This was not the first election that inspired me to skip happily out of school, don my liberal fan-boy costume, and wake up sleepy Republicans. I did it four years ago too. I spent the morning of election day in the rain, hanging monochromatic John Kerry flyers that read “Vote for me, I guess” on sketchy dog-protected gates and doorknobs. I didn’t talk to anyone. I just followed orders. I didn’t really care. It didn’t matter all that much to me if Bush won again. I didn’t have a job and I didn’t know anyone who was in the war or died on 9/11. I was not adversely affected by the regime. All I had was my parents’ guarantee that Kerry was the right man for the job … and that I would miss four days of school.
I’m still not directly hurt by any of Bush’s policies, but I am four years older. I care about my future because my present is becoming increasingly important to me. The economic crisis is raising candy bar prices, I know more gay people who can’t get married, and I’m tired of hearing about the war. When I’m in a more philosophical mood, my favorite notion is that the world revolves around me, and I like to think it is because I finally cared and got involved that Barack Obama won by a landslide.
My egocentric worldview collapses when I realize that the single most important person in existence would not be sent out canvassing. This is the one campaigning activity I did not feel enthusiastic about – and naturally the one I was asked to do on the first day.

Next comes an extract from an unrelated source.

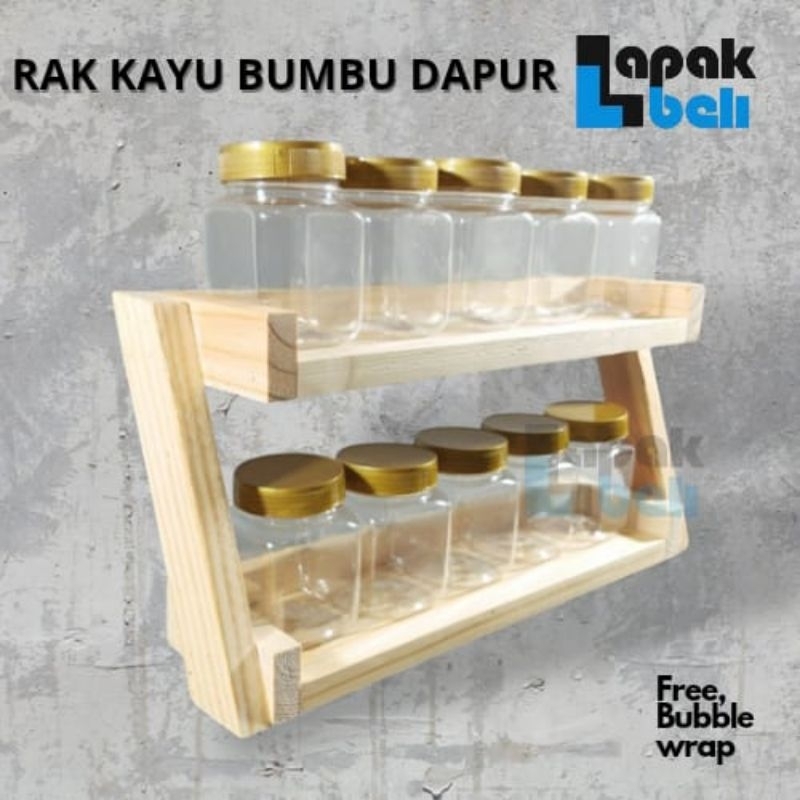RAK BUMBU KAYU DAPUR 2 TINGKAT / RAK DAPUR 10 TOPLES / TEMPAT BUMBU DAPUR SERBAGUNA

When we stepped into an Obama campaign office in Ohio, the first thing I saw was a sign that read, “Step 1: Get Lit!” Within minutes I found out that it meant “literature,” but until then I was amused by the idea of boozed-up canvassers stumbling out the door to go change the world. Maybe the alcohol would dumb us down enough to communicate with the average undecided voter.
We were given pins, routes, partners, pens, scripts, training, granola bars, and “literature” (which in fact are just fliers, for those of you who, like me, thought we’d be handing out Hemingway and Nabokov). I was paired with my mom; she had the odd side of the streets, I had the even.
The first door I knocked on gave way to a man who took one look at my Obama pin and told me to “go buy someone else’s vote.” I shook off the shock a Bay Area boy gets when he finds out people actually do vote for McCain, and looked at the next name on my list: Sparkle French.
With a name like that I imagined she would be a movie star who would welcome me and give me expensive things. When I got to her house, the door was open. I knocked lightly and stifled my disappointment at seeing a 53-year-old woman playing Wii in her underwear. She gave me the once-over, and I didn’t even get to introduce myself before she snapped that she was voting for McCain and returned to her feverish tennis match. I excused myself and headed to the house next door, on whose porch lay ripped versions of my “lit.” I marked “Not Home” on my tally sheet and moved on.
Mom, I don’t think we’re in California anymore.
Later, when I knocked at the house of a fellow named Bob, the round man who appeared had obviously consumed a few beverages in the last hour. His cheeks blossomed in an uncanny international orange. I asked whether we could count on his vote on Tuesday, pressing my flyer against his screen door.
“I don’t know, man … I’m voting for Jack Daniels,” replied Bob. He looked at me expectantly, as if he had just said the most hilarious thing since the chicken crossed the road.
I wished him luck and marked “Undecided” on my tally sheet.